Re: Tomcat 10.1.x: Using CoyoteInputStream to read a Chunked Transfer Encoding (CTE) stream, manually, skiping ChunkedInputFilter

Daniel Andres Pelaez Lopez Tue, 27 Jun 2023 09:57:04 -0700

Christopher,

El mar, 27 jun 2023 a las 9:33, Christopher Schultz (<
ch...@christopherschultz.net>) escribió:


> Daniel,
>
> On 6/26/23 16:15, Daniel Andres Pelaez Lopez wrote:
> > El lun, 26 jun 2023 a las 14:53, Mark Thomas (<ma...@apache.org>)
> escribió:
> >
> >> On 26/06/2023 20:34, Christopher Schultz wrote:
> >>> Daniel,
> >>>
> >>> On 6/26/23 12:47, Daniel Andres Pelaez Lopez wrote:
> >>>> Hi Tomcat community,
> >>>>
> >>>> I have a requirement where we want to manually decode a Chunked
> Transfer
> >>>> Encoding (CTE) stream using CoyoteInputStream to have access to the
> >> chunk
> >>>> size.
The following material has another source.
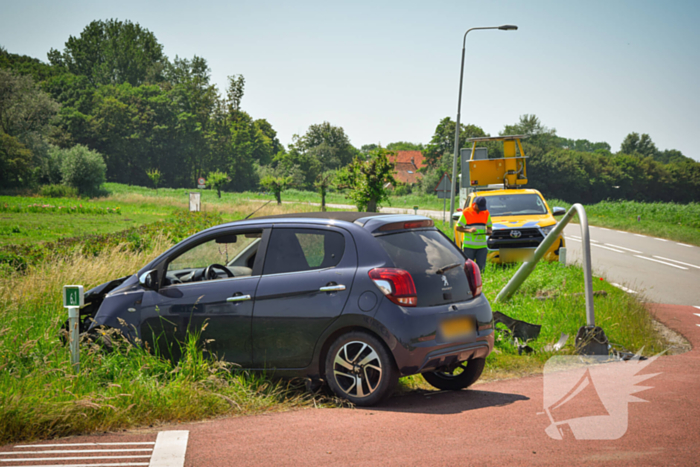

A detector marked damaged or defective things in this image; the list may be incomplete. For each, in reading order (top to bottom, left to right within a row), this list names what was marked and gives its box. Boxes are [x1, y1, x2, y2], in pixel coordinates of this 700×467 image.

bent metal barrier [492, 205, 596, 330]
This means I want to use CoyoteInputStream.read method and get
> the
> >>>> whole CTE bytes. Saying it in another way: we want to decode the CTE
> at
> >>>> hand skipping Tomcat defaults.
> >>>
> >>> Dumb question: why?
> >>
> >> Not a dumb question at all. It is the key question. I'm curious as to
> >> what the answer is.
> >>
> >> Mark
> >>
> >>
> > Not dumb question at all. Let me expand the use case: we are working on
> an
> > HTTP origin (Tomcat) for video streaming using HLS and DASH. Our video
> > packager generates video segments of X size, and each segment is also
> > divided into fragments (CMAF). The segment size is fixed, but the
> fragment
> > size is variable. Our packager transfers the segment meanwhile it
> generates
> > it, a fragment at the time (a chunk), in a CTE, to the HTTP origin
> > (Tomcat). Now, video players want to download the segment, but as for the
> > HLS spec, we require to transfer the segment to the video player, as we
> > received, a fragment a the time. To be able of sending a fragment at the
> > time, we need to know its size, which is implicit inside the CTE (each
> > chunk declares the chunk size).
> >
> > Our current implementation sends the segment using CTE to the video
> > players, but we cannot guarantee we are sending a fragment by chunk.
> >
> > This is why having access to each chunk and its size will help us.
>
> Thanks for the details. I think I've got it, but I want to clarify a
> little bit.
>
> Is your video-chunk-generator producing anything HTTP-related? It almost
> sounds like Tomcat is a reverse-proxy and your video-generator is the
> origin. Maybe you are just generating byte[] from the video-generator?
>
> Or maybe your video-generator is UPLOADING the chunks to the HTTP
> server? It's not entirely clear to me, and the details matter.
>

Thanks for staying in the conversation.

The packager (video-chunk-generator) sends an HTTP PUT with
Transfer-Encoding: chunked header, the content is a video segment, where
each chunk is a fragment, so, yes, the video-chunk-generator uploads the
segment in chunks to the Tomcat server (origin)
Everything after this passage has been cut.